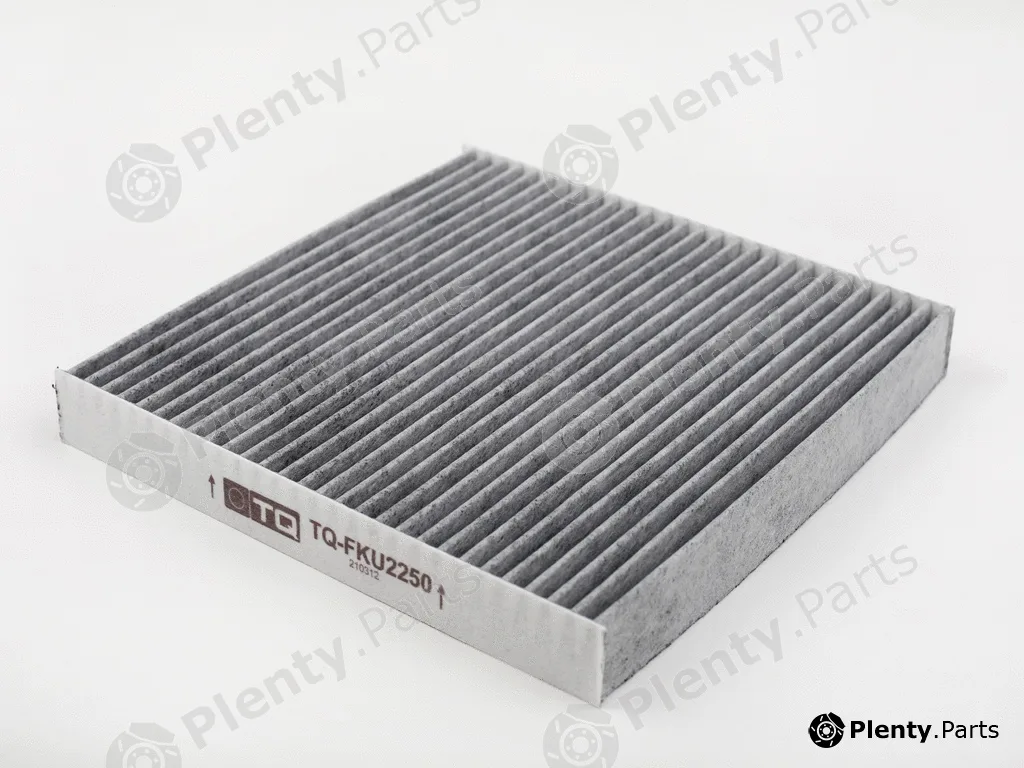 TQ TQ-FKU2250 — Filter, cabin air FIL KABINE HONDA TQ-FKU2250  ACCORD 2.0 VII, VIII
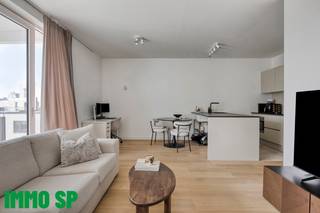 Appartement à vendre à Anvers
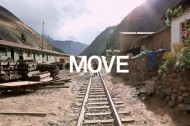 Move Stop-motion trip of a lifetime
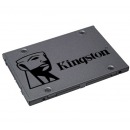 金士顿(Kingston) 240GB SSD固态硬盘（含安装服务）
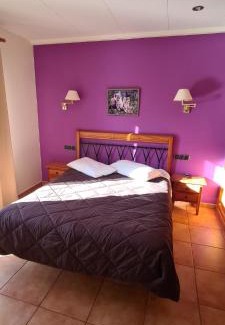 Castellfollit de la Roca House | Hostal Mont-Rock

### Task to carry out
Set down exactly, and only, the lines from the one containing "Move Stop-motion trip of a lifetime" through the last line of the entries. Pictures do not belong in the copy.

### Result of this exercise
 Move Stop-motion trip of a lifetime
 金士顿(Kingston) 240GB SSD固态硬盘（含安装服务）
 Castellfollit de la Roca House | Hostal Mont-Rock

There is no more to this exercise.